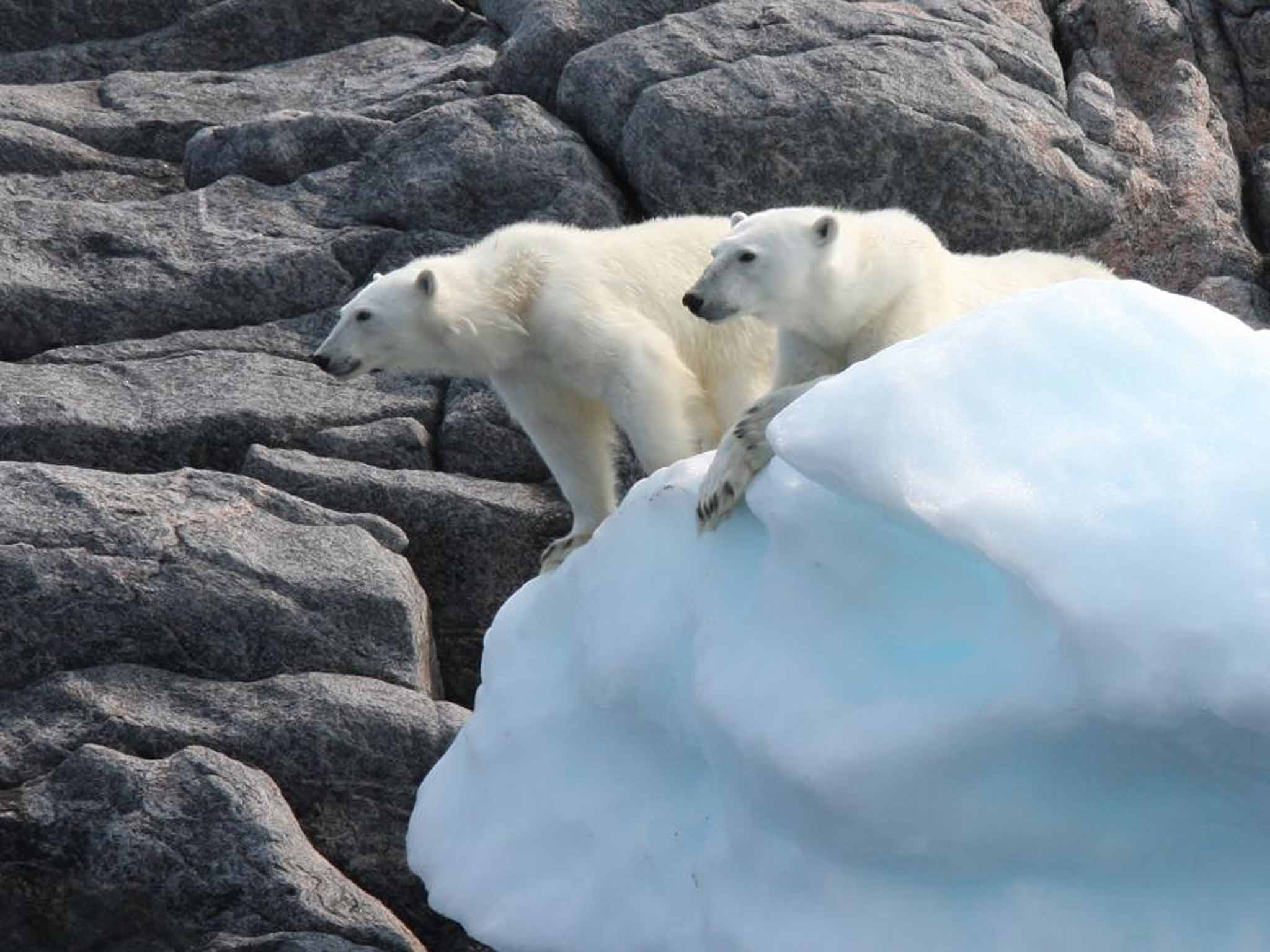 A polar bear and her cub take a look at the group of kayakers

* * *

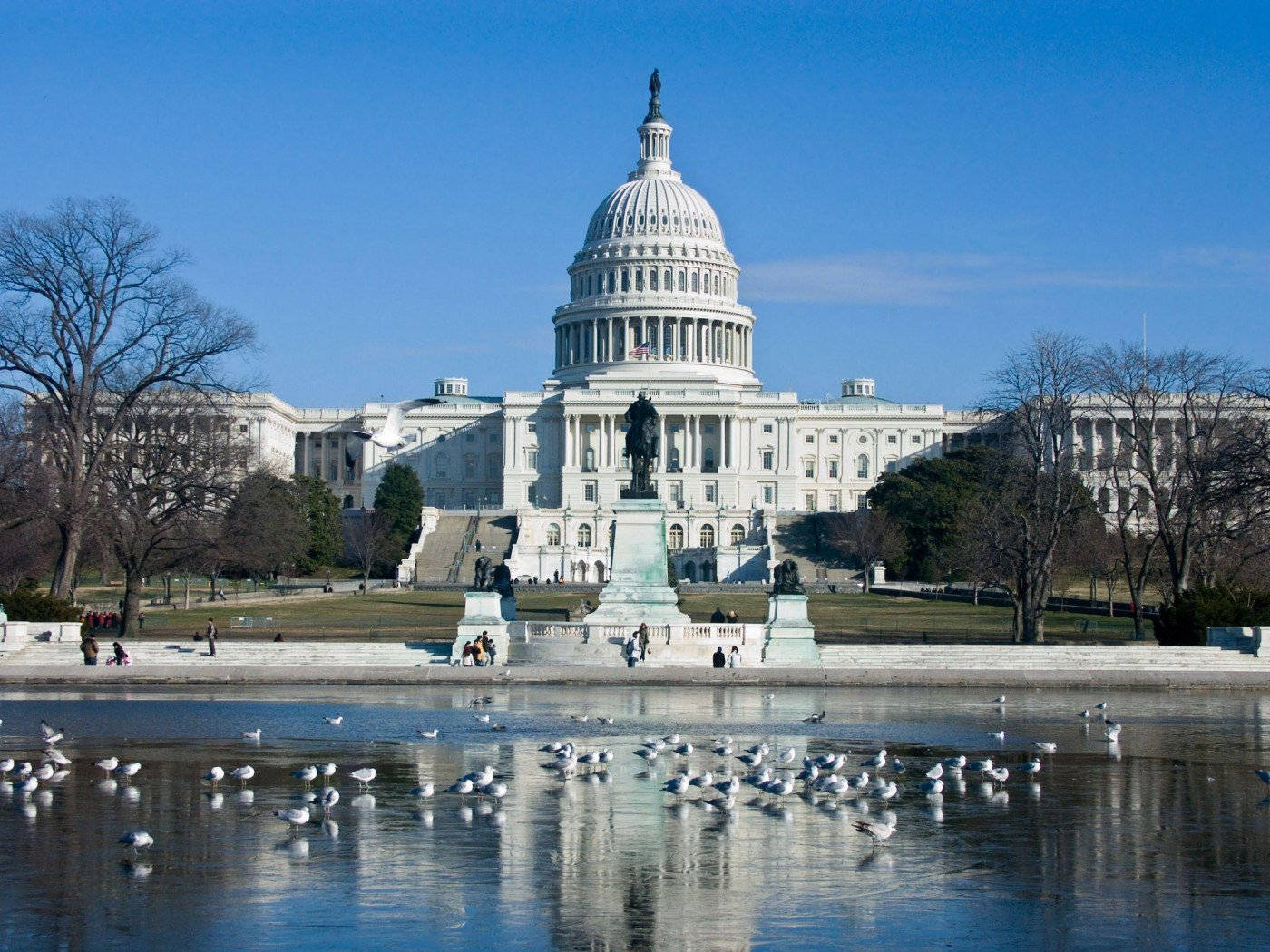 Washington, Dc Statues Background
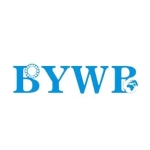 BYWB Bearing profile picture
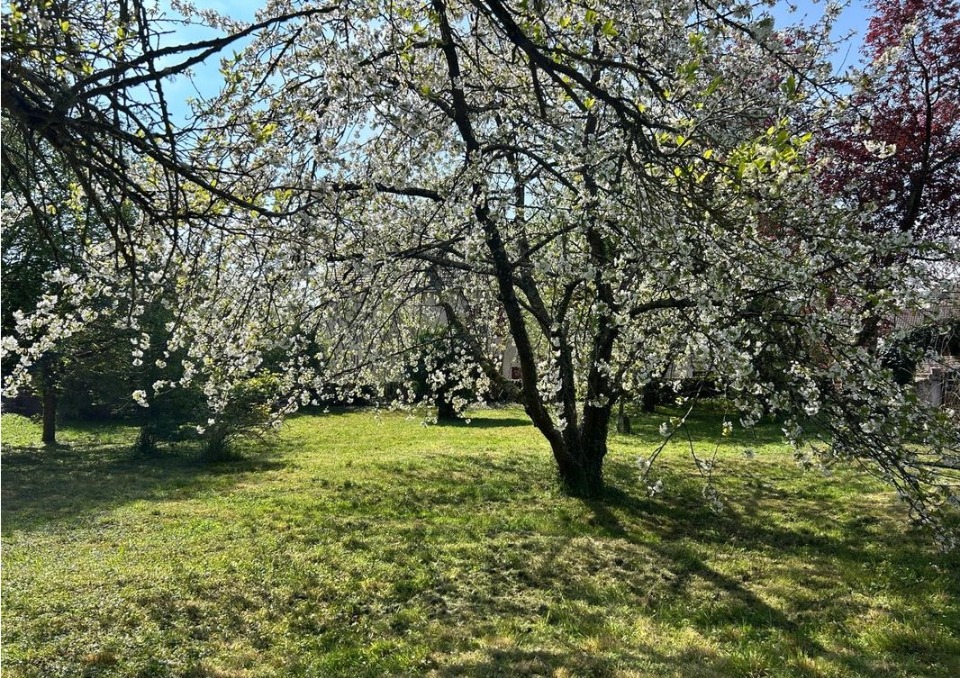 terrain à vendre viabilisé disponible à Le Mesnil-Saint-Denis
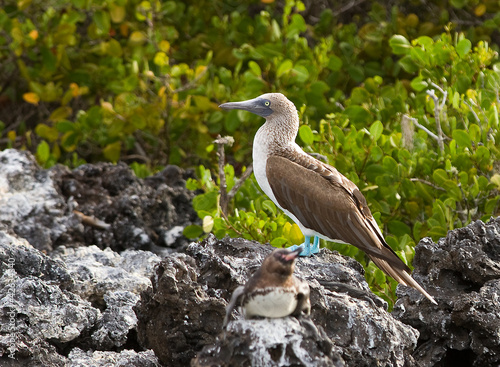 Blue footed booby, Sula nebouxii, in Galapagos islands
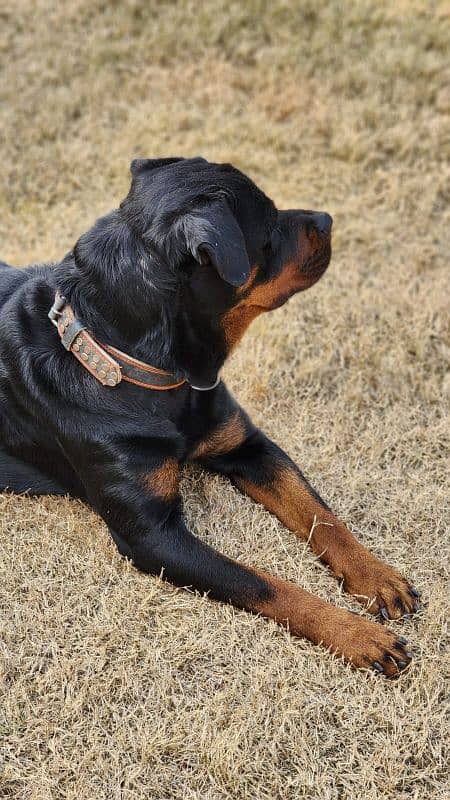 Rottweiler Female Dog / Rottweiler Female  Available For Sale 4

_Your task_. Every line above from the one with "BYWB Bearing profile picture" down to the one with "Rottweiler Female Dog" must be written out exactly, and no picture may appear.

_The completed task_.
 BYWB Bearing profile picture
 terrain à vendre viabilisé disponible à Le Mesnil-Saint-Denis
 Blue footed booby, Sula nebouxii, in Galapagos islands
 Rottweiler Female Dog / Rottweiler Female  Available For Sale 4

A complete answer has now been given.